Data below →
◇ ◇ ◇
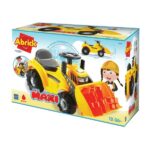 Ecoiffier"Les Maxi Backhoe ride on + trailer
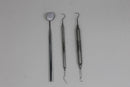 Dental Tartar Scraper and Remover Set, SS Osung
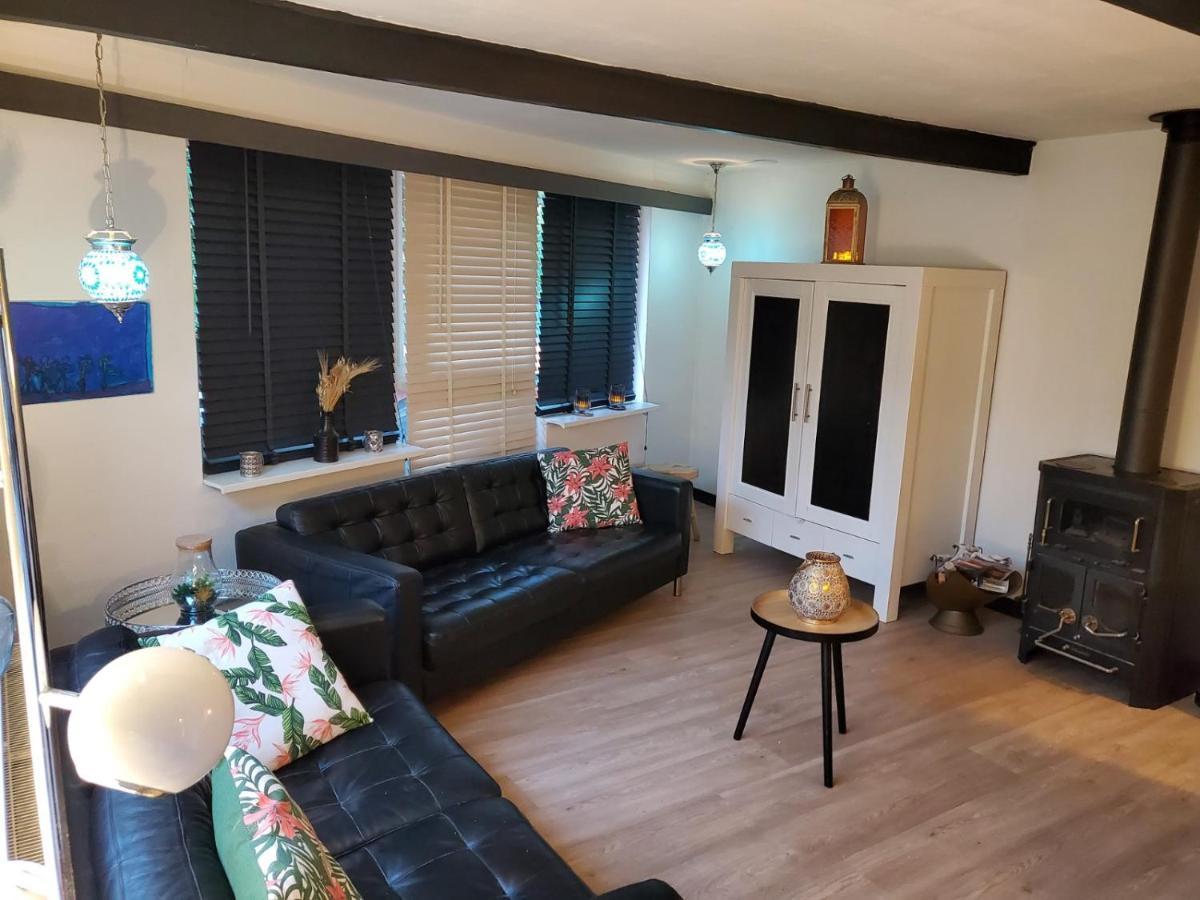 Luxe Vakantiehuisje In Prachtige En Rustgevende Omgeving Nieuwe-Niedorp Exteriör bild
◇ ◇ ◇
Task prompt →
Return the listing verbatim; pictures are not part of the copy.

Written response →
 Ecoiffier"Les Maxi Backhoe ride on + trailer
 Dental Tartar Scraper and Remover Set, SS Osung
 Luxe Vakantiehuisje In Prachtige En Rustgevende Omgeving Nieuwe-Niedorp Exteriör bild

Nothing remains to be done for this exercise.